We will never stand up to Russia if every time Vladimir Putin says, “boo,” we back down,’ – Republicans knock Biden administration for refusing to give jets to Ukraine

We will never stand up to Russia if every time Vladimir Putin says, "boo," we back down,' - Republicans knock Biden administration for refusing to give jets to Ukraine

 

Republican senators have accused the Joe Biden administration of caving to Russian President Vladimir Putin by ditching a plan to supply warplanes to Ukraine for fear that Moscow would see it as an escalation of the war.

Ukrainian President Volodymyr Zelensky has pleaded for the U.S. to provide his military with more aircraft.

On Wednesday, the US said it cut off a plan for the U.S. to act as a middle man to send Polish MiG-29s to Ukraine because it could escalate the conflict.

Now , 40 Republic senators signed a letter from Sens. Joni Ernst of Iowa and Mitt Romney of Utah urging President Joe Biden to answer the call to provide Ukraine with fighter jets they need.

Sen. Tom Cotton accused the administration of putting Putin on the fromt foot.
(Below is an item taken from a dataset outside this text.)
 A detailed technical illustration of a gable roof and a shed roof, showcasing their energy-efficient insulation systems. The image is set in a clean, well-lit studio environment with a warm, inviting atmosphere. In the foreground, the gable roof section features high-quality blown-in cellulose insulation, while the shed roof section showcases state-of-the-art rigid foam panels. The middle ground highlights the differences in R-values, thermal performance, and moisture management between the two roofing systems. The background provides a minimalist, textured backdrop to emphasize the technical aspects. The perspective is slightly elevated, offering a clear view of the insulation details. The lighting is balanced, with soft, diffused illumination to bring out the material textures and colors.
‘If we continue to blink every time Vladimir Putin says, “Boo,” it’s not gonna stop in Ukraine. It’s not going to stop in Europe,’ he said.

‘We might as well call the commanding general at Fort Lewis outside Seattle and tell him to take down the flag and surrender our position because we will never stand up to Russia if every time Vladimir Putin says, “Boo,” we back down.’

At a press conference on Capitol Hill, Sen. Mitt Romney said: “Enough talk. People are dying.

‘Send them the planes they need.’

Senate Republican leader Mitch McConnell also criticized the Biden administration for moving too slowly to send military help to Ukraine.

‘This administration has been a step behind every step of the way,’ McConnell said.

In a meeting with top intelligence officials, Cotton pressed Director of National Intelligence Avril Haines on why supplying the most advanced anti-tank grenades and anti-aircraft was permitted, but supplying aircraft was escalatory.

‘I don’t see a lot of common sense between this distinction,’ he said.

She responded by saying the U.S. was trying to walk a fine line.

‘We’re in a very challenging position, right, where we are obviously providing enormous amounts of support to Ukraine as we should and need to do, but at the same time trying not to escalate the conflict into a full-on NATO or U.S. war with Russia,’ she said during a hearing of the Senate Intelligence Committee.

Cotton and other senators accused the country’s highest ranking intelligence chiefs of giving the administration cover for not facilitating a jet fighter exchange, when officials had already said it was OK for other countries to send warplanes directly.

Sen. Ben Sasse added;

‘Vladimir Putin will embrace the idea that we might self-deter every time he issues a press release,’ he said

‘And lawyerly hair-splitting about providing this kind of weaponry is not escalatory but providing that kind of weaponry is escalatory – I don’t think we really believe that.

‘I think the administration is pushing the intelligence community to give them cover for lean forward decisions they don’t want to be making.’

Sen. Mitt Romney, R-Utah, said it was time to make Putin ‘fearful.’

‘It’s time for Putin to be fearful of what we might do. This is war. People are dying. We need to get aircraft to President Zelenskyy and the people of Ukraine immediately,’ he wrote on Twitter.

The attacks from the Republican party come after Poland suggested they would fly their MiG-29 jets to the U.S.’s Rammstein Air Base in Germany, where it would be up to the U.S. to deliver the jets back east to Ukraine. The US called the proposal ‘untenable,’ before killing the transfer idea altogether.